How do I tell if a sample data is roughly normal? (Normal Probability Plots) I don't understand why this graph shows that the data set is roughly normal:

I can see that the points are evenly spread out below and above the line, but why does that make the data approximately normal? 
I'm also having trouble understanding where this formula comes from which describes the area under the standard normal curve to the left of $f_i$: $f_i = \frac{i-0.375}{n+0.25}$ where $i$ is the index of the arranged sample data and $n$ is the number of observations. Answering either question is fine. 
 A: I'm guessing this is a normal probability plot, which is designed so that if a normally distributed dataset is plotted on it, it will appear as the solid diagonal line in your image. The particular dataset that is plotted on the graph above is close to the solid line, so it is approximately normal.

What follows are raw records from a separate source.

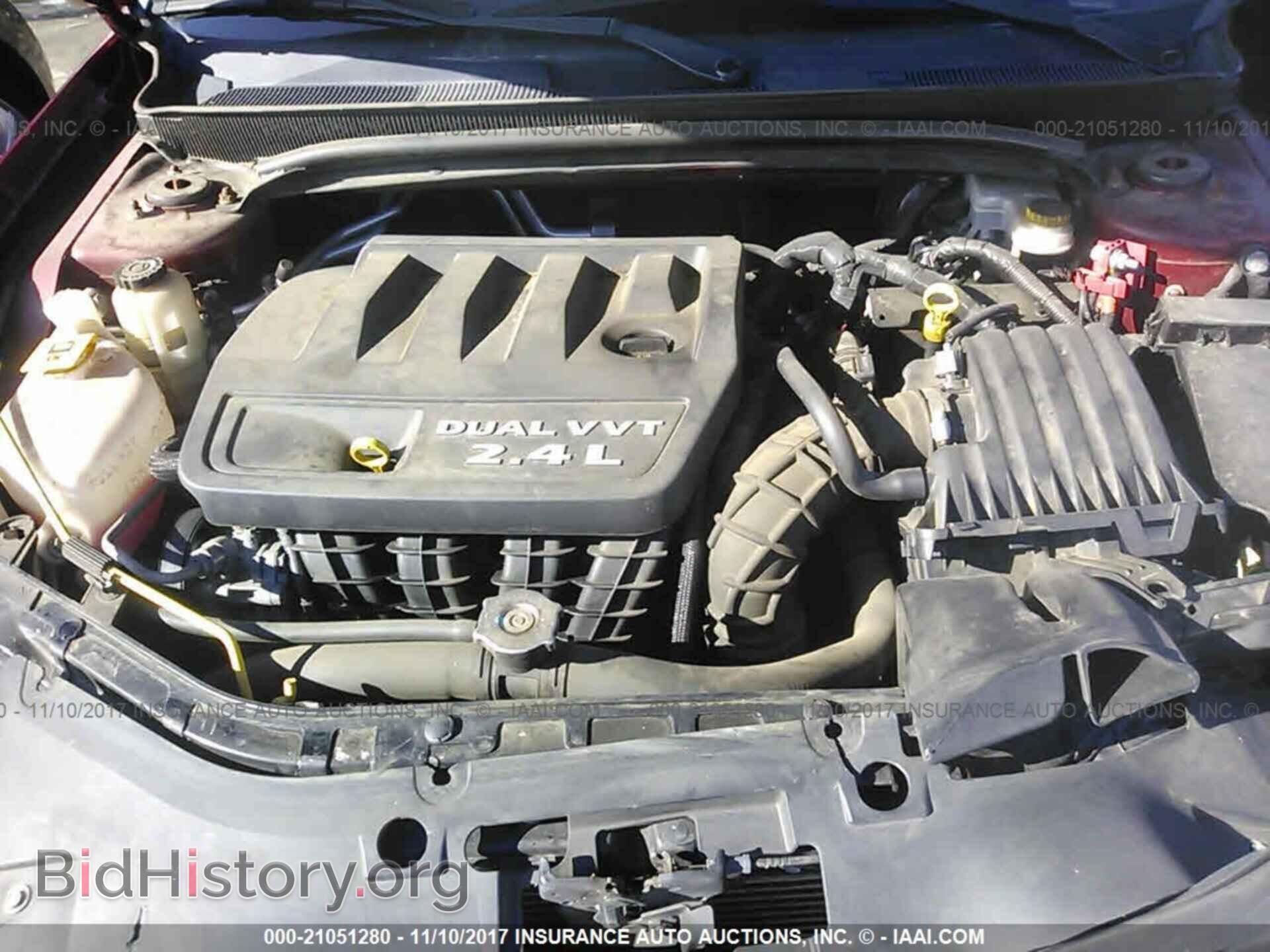 2013 Chrysler 200 - VIN: 1C3CCBABXDN735825 - Фото 10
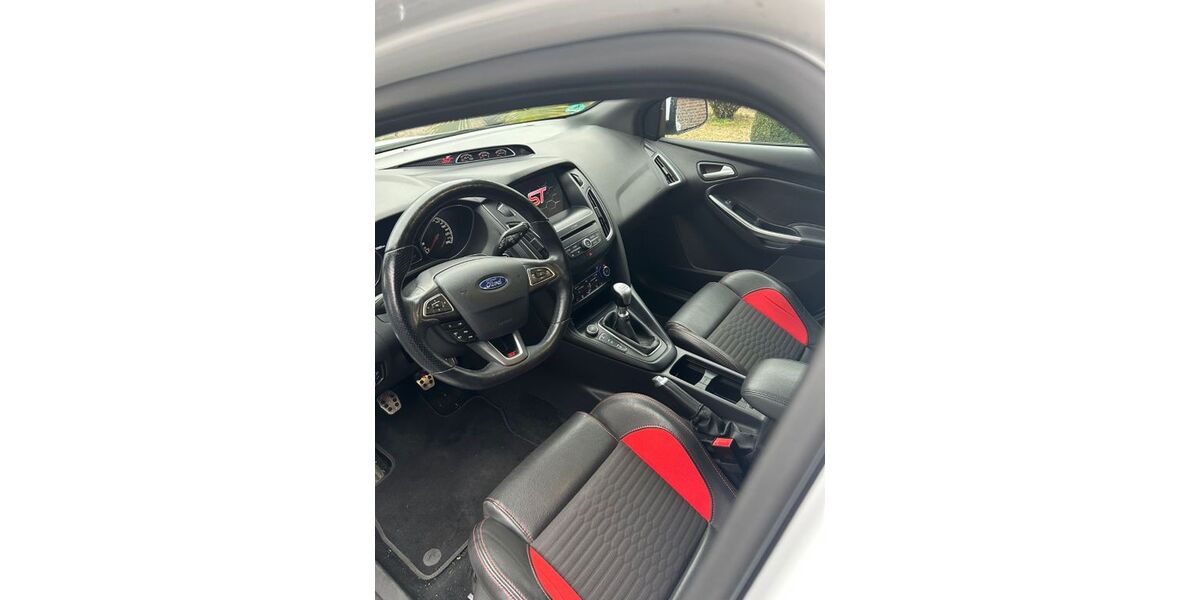 Ford Focus 63.000 km 18.500 &euro; Dormagen 41540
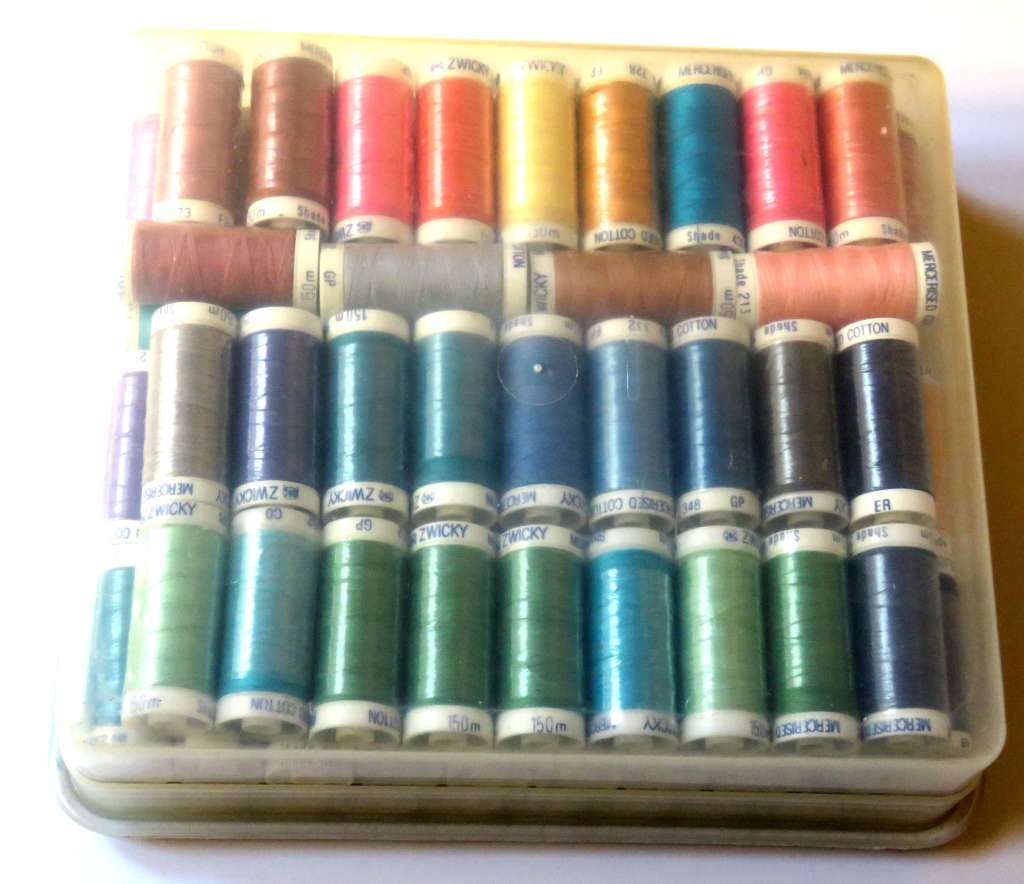 OLDER CONTESSA SEWING MACHINE BY ELNA IN EXCELLENT CONDITION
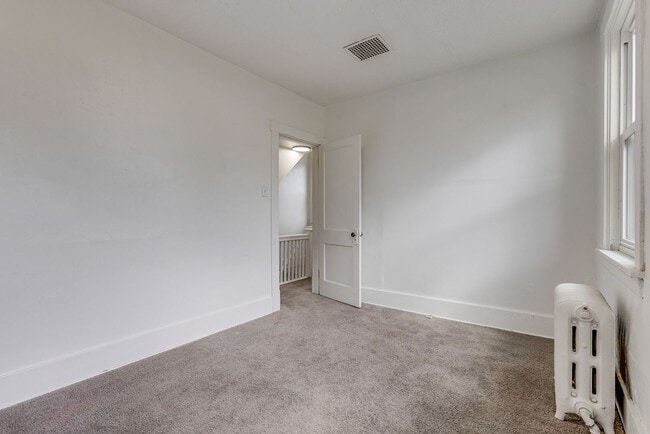 Building Photo - 2027 Eccles St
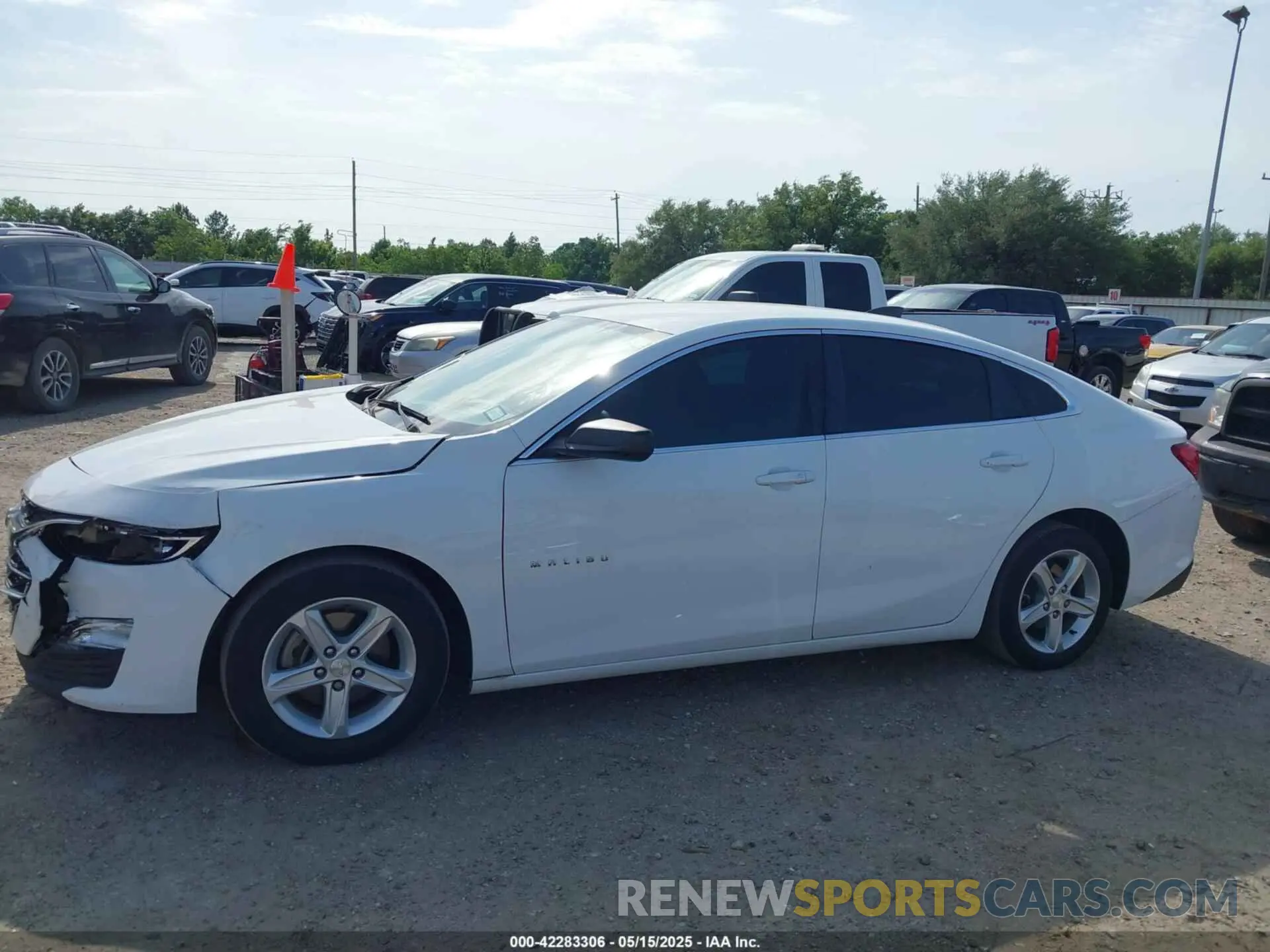 14 Photograph of a damaged car 1G1ZB5ST5KF221771 CHEVROLET MALIBU 2019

A: The data is roghly normal in that it falls around the line and within the confidence bands. However, there is some correlation in the errors about the line that suggests it may be heavy tailed (i.e., the S-pattern). At 19 points, there just isnt enough data to make this "significant", but I'd guess more data may show a heavy tailed distributon, but the normal wouldn't be too far off.
To get a feel for what normal probability plots should look like for actual normal data, simulate some data (of various sample sizes e.g., 5, 20, 50, 100 points) from a normal distribution and run this exact same plot on it using a statisical package. You'll see what they look like when you know the data are normal. This should help your intuition, as distribution fitting is very visual.